Required work: Print the records exactly. Miss nothing.

Records drawn from a dataset:
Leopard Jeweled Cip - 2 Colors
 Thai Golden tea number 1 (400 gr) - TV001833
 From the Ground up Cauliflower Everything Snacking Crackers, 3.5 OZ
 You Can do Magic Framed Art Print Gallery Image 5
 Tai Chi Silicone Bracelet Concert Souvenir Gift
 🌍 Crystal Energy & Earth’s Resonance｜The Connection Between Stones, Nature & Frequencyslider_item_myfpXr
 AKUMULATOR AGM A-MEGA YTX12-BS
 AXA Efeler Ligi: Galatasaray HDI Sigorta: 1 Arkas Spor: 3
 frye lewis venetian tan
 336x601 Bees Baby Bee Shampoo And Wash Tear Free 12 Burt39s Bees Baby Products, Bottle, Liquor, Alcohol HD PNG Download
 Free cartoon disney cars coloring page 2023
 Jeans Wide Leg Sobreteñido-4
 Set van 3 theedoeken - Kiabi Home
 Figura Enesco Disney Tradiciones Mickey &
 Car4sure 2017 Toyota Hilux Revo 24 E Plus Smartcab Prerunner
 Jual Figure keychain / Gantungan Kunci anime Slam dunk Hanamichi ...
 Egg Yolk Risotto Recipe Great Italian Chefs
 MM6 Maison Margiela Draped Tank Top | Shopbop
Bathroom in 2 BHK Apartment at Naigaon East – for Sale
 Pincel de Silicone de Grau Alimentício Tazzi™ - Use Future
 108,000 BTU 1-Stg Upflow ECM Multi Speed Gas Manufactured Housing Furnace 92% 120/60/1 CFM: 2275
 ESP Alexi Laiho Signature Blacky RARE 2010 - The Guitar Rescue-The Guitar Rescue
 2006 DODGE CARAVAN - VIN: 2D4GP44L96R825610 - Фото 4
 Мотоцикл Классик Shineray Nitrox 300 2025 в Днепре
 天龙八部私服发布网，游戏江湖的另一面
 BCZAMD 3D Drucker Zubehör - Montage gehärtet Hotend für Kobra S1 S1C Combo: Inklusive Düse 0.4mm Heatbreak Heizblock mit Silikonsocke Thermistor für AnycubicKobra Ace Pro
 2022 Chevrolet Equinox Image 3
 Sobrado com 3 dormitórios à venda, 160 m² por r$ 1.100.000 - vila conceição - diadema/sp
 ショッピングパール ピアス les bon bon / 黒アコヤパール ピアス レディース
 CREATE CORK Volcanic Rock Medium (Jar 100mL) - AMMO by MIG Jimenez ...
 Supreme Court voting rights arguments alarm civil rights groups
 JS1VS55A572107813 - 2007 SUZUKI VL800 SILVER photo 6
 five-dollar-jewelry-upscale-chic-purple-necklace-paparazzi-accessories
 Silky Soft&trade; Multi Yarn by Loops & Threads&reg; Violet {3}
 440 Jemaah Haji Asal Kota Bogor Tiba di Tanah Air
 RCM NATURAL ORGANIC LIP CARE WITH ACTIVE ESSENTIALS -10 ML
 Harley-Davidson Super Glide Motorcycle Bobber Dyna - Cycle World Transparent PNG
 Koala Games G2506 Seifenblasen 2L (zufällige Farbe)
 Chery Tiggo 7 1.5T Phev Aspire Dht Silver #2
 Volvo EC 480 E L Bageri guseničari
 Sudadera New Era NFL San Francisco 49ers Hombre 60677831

Result:
Leopard Jeweled Cip - 2 Colors
 Thai Golden tea number 1 (400 gr) - TV001833
 From the Ground up Cauliflower Everything Snacking Crackers, 3.5 OZ
 You Can do Magic Framed Art Print Gallery Image 5
 Tai Chi Silicone Bracelet Concert Souvenir Gift
 🌍 Crystal Energy & Earth’s Resonance｜The Connection Between Stones, Nature & Frequencyslider_item_myfpXr
 AKUMULATOR AGM A-MEGA YTX12-BS
 AXA Efeler Ligi: Galatasaray HDI Sigorta: 1 Arkas Spor: 3
 frye lewis venetian tan
 336x601 Bees Baby Bee Shampoo And Wash Tear Free 12 Burt39s Bees Baby Products, Bottle, Liquor, Alcohol HD PNG Download
 Free cartoon disney cars coloring page 2023
 Jeans Wide Leg Sobreteñido-4
 Set van 3 theedoeken - Kiabi Home
 Figura Enesco Disney Tradiciones Mickey &
 Car4sure 2017 Toyota Hilux Revo 24 E Plus Smartcab Prerunner
 Jual Figure keychain / Gantungan Kunci anime Slam dunk Hanamichi ...
 Egg Yolk Risotto Recipe Great Italian Chefs
 MM6 Maison Margiela Draped Tank Top | Shopbop
Bathroom in 2 BHK Apartment at Naigaon East – for Sale
 Pincel de Silicone de Grau Alimentício Tazzi™ - Use Future
 108,000 BTU 1-Stg Upflow ECM Multi Speed Gas Manufactured Housing Furnace 92% 120/60/1 CFM: 2275
 ESP Alexi Laiho Signature Blacky RARE 2010 - The Guitar Rescue-The Guitar Rescue
 2006 DODGE CARAVAN - VIN: 2D4GP44L96R825610 - Фото 4
 Мотоцикл Классик Shineray Nitrox 300 2025 в Днепре
 天龙八部私服发布网，游戏江湖的另一面
 BCZAMD 3D Drucker Zubehör - Montage gehärtet Hotend für Kobra S1 S1C Combo: Inklusive Düse 0.4mm Heatbreak Heizblock mit Silikonsocke Thermistor für AnycubicKobra Ace Pro
 2022 Chevrolet Equinox Image 3
 Sobrado com 3 dormitórios à venda, 160 m² por r$ 1.100.000 - vila conceição - diadema/sp
 ショッピングパール ピアス les bon bon / 黒アコヤパール ピアス レディース
 CREATE CORK Volcanic Rock Medium (Jar 100mL) - AMMO by MIG Jimenez ...
 Supreme Court voting rights arguments alarm civil rights groups
 JS1VS55A572107813 - 2007 SUZUKI VL800 SILVER photo 6
 five-dollar-jewelry-upscale-chic-purple-necklace-paparazzi-accessories
 Silky Soft&trade; Multi Yarn by Loops & Threads&reg; Violet {3}
 440 Jemaah Haji Asal Kota Bogor Tiba di Tanah Air
 RCM NATURAL ORGANIC LIP CARE WITH ACTIVE ESSENTIALS -10 ML
 Harley-Davidson Super Glide Motorcycle Bobber Dyna - Cycle World Transparent PNG
 Koala Games G2506 Seifenblasen 2L (zufällige Farbe)
 Chery Tiggo 7 1.5T Phev Aspire Dht Silver #2
 Volvo EC 480 E L Bageri guseničari
 Sudadera New Era NFL San Francisco 49ers Hombre 60677831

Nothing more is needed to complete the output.